WHAT TO DO –
With the pictures left out, write out exactly the lines of the listing below that run from the line with "情感的升华与智慧的荡漾" through the line with "High Quality Natural".

RECORDS –
*** Begin section ***
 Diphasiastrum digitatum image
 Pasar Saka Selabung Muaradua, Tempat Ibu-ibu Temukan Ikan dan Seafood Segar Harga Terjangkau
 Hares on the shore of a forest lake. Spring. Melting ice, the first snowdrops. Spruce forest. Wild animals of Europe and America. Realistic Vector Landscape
*** End section ***
*** Begin section ***
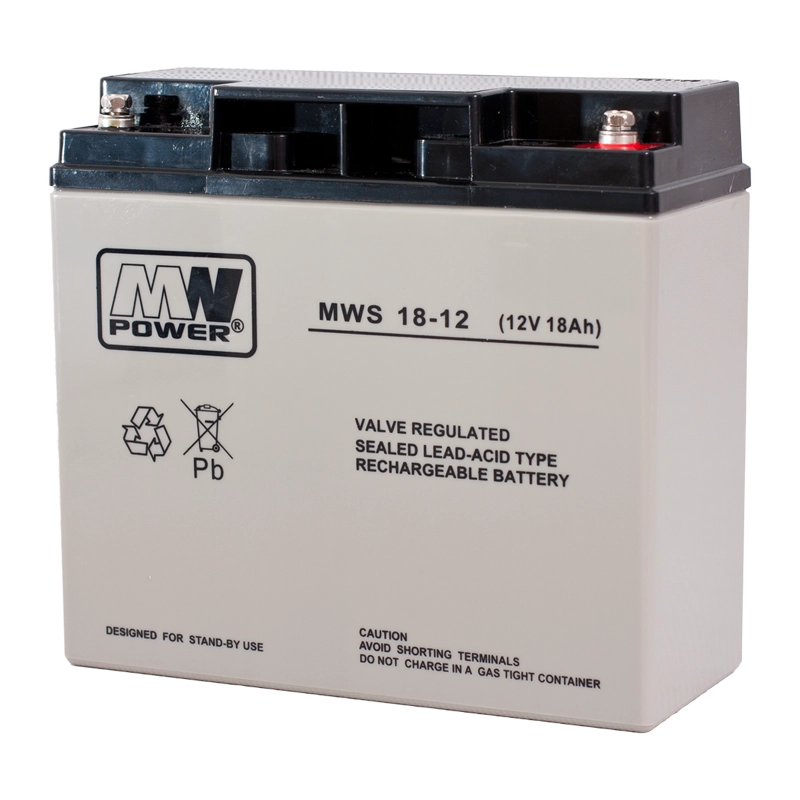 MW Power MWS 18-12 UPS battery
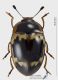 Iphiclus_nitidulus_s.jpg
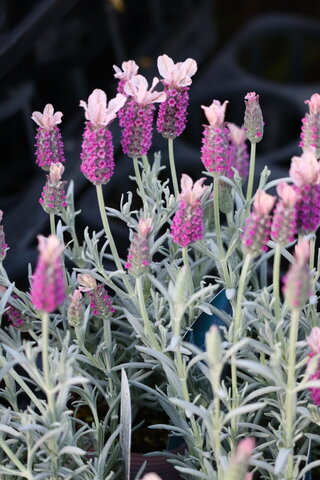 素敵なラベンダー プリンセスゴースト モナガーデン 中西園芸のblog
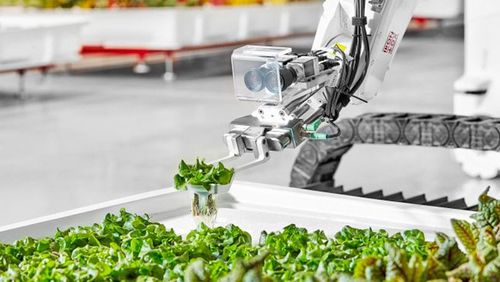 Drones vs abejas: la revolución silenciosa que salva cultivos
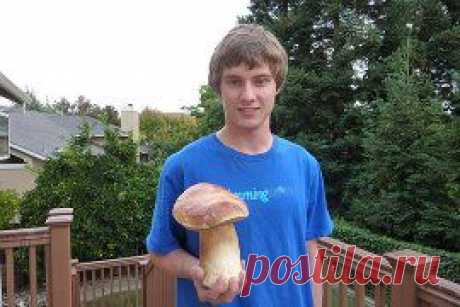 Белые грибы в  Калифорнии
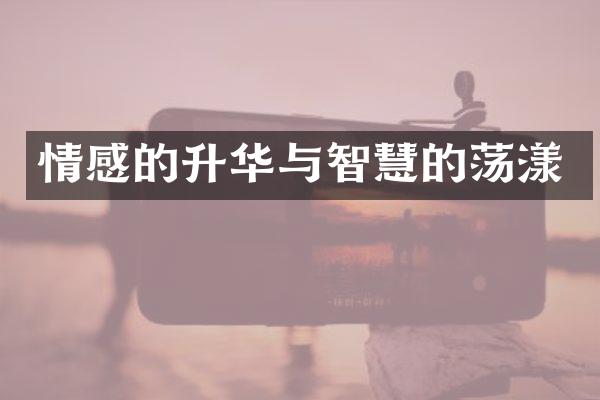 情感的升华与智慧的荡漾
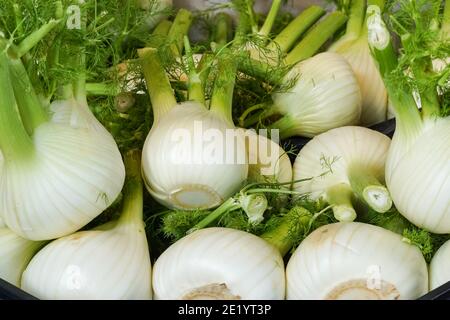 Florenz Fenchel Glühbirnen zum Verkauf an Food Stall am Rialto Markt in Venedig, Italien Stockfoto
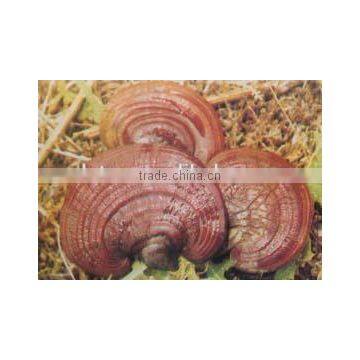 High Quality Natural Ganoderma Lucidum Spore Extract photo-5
*** End section ***
RESULT FOR THIS TASK –
 情感的升华与智慧的荡漾
 Florenz Fenchel Glühbirnen zum Verkauf an Food Stall am Rialto Markt in Venedig, Italien Stockfoto
 High Quality Natural Ganoderma Lucidum Spore Extract photo-5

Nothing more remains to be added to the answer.